Inform 7 extensions source and repository

I was checking this out:

But … the high level directory is just someone’s name. That means I have to click into each folder to even determine if the folder might have something I want to look at. Further, each author may have done extensions for very different things. So if I want to find similar and/or related functionality, I have to check each and every author.

I guess once you get used to what’s in there it might not matter, but still – wouldn’t it make more sense to have the top level structure broken down by the type of extension?

The public library portion of Inform seems to do something along these lines, in fact. So I figured that was supposed to be the interface to use. Makes sense. But, then, in some cases, I’ve found discrepancies between what’s listed there (in the public library) and what’s on the GitHub repository. Are these two resources supposed to be linked?

If you look at the internal structure, both the Public Library and the Github repo are organized by author’s name. That’s because Inform 7 uses the same structure to store extensions, so every extension I create will be in a “Daniel Stelzer” directory on my own machine. Imitating this structure in the repository makes it much easier to keep them in sync without copying files back and forth every time.

As far as usage, extensions in the Public Library are tested, verified, and supported for the newest version of Inform, while the Github repo holds new updates, experimental versions, and special-purpose extensions which most authors won’t need. There’s some overlap, but finding a file in one doesn’t mean it’ll appear in the other. (There’s also the old Extensions page on the Inform 7 website, which holds legacy extensions for old Inform versions.)

Okay, got it. When I look at the Public Library (in Inform – I don’t know why I would look at the payloads directory itself necessarily), I see categories like “Adaptive Prose” and then under that “Responses”, “Varying What is Written”. That makes complete sense to me and I guess I see the point about the GitHub given your other comments.

Those are three pretty different categories of things to store in one repository. But if the Public Library and the GitHub aren’t linked (even though there is “overlap”?) maybe that doesn’t matter as much. So it sounds like if I stick with the Public Library I should be good. I presume that “updates” from the GitHub are somehow promoted to the Public Library when they are deemed – what? Good enough? Tested?

It seems a little opaque to me, to be honest. Unless, again, the Public Library is really supposed to be the main interface. Sorry for the question torrent. When I was last around, Inform 6 was the main platform. I’m still wrapping my head around the Inform 7 approach to things.

Oh, indeed. I just linked that to show what the internal structure looks like.
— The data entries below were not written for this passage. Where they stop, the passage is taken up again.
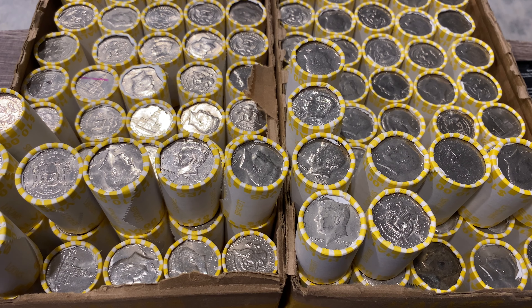Hey, what's up YouTube, Stacking and Packing here with another two-box half dollar hunt — $1,000 in half dollars. It's going to be another Loomis hunt. Our last Loomis hunt we did pretty good, broke our skunk streak and managed to pull out seven silvers, so another two-box hunt today.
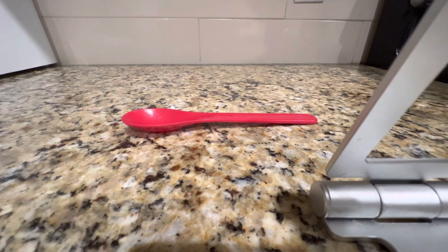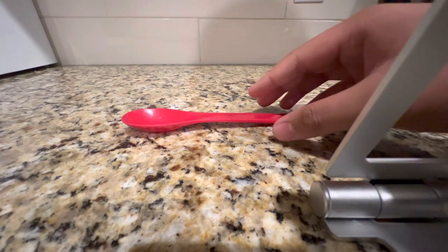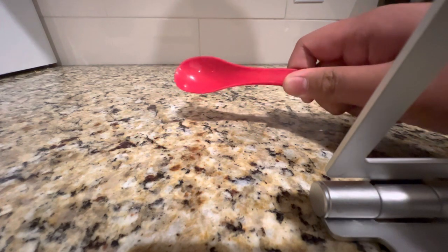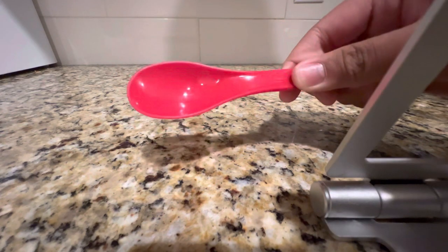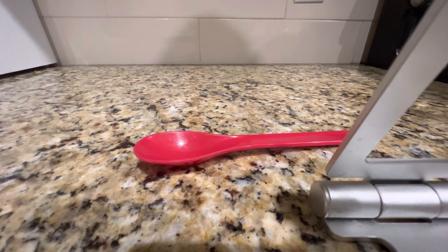The first thing you're gonna want to do is place your hand out like this, so get ready to grab the spoon, and then just wrap your fingers around it. And there you go, you picked up a red spoon — congratulations! Note: this only works on red spoons, not blue spoons, so don't try that at home.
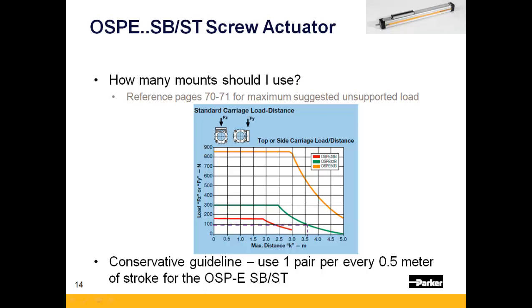How many mounts should you use? Consult the OSPE catalog pages 70 and 71 to determine the maximum distance you can span. As a conservative rule of thumb, having a support every half meter should ensure adequate actuator stiffness.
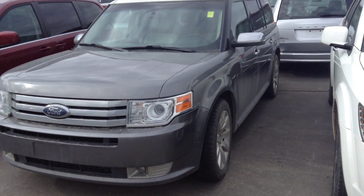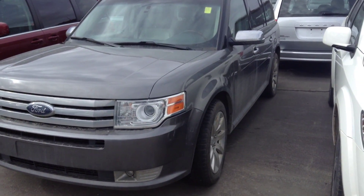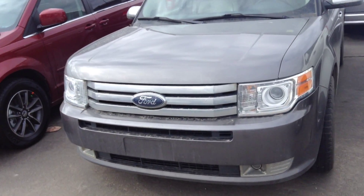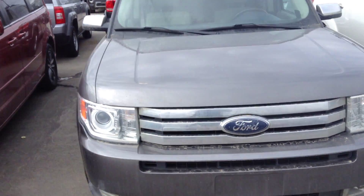Hello, it's Justin from Londonderry Dodge doing a quick walk-around video for you on the Ford Flex. This is the one you're interested in, so I'll go over it real briefly so you can get a better idea of what it looks like.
The Public Library is intended to be the main interface for authors now. When an extension creator thinks their code is good and ready they can submit it to the Library maintainers, and they’ll review it and potentially add it in. But some people just write extensions for their own use, or to answer a question posted here, or something like that, and don’t polish and document it to the point where it’s Public-Library-ready. (I’m one of those people, which is why you won’t find a Daniel Stelzer directory in the Library.) So for those people, the Github is an easy way to make those extensions available to anyone who wants them.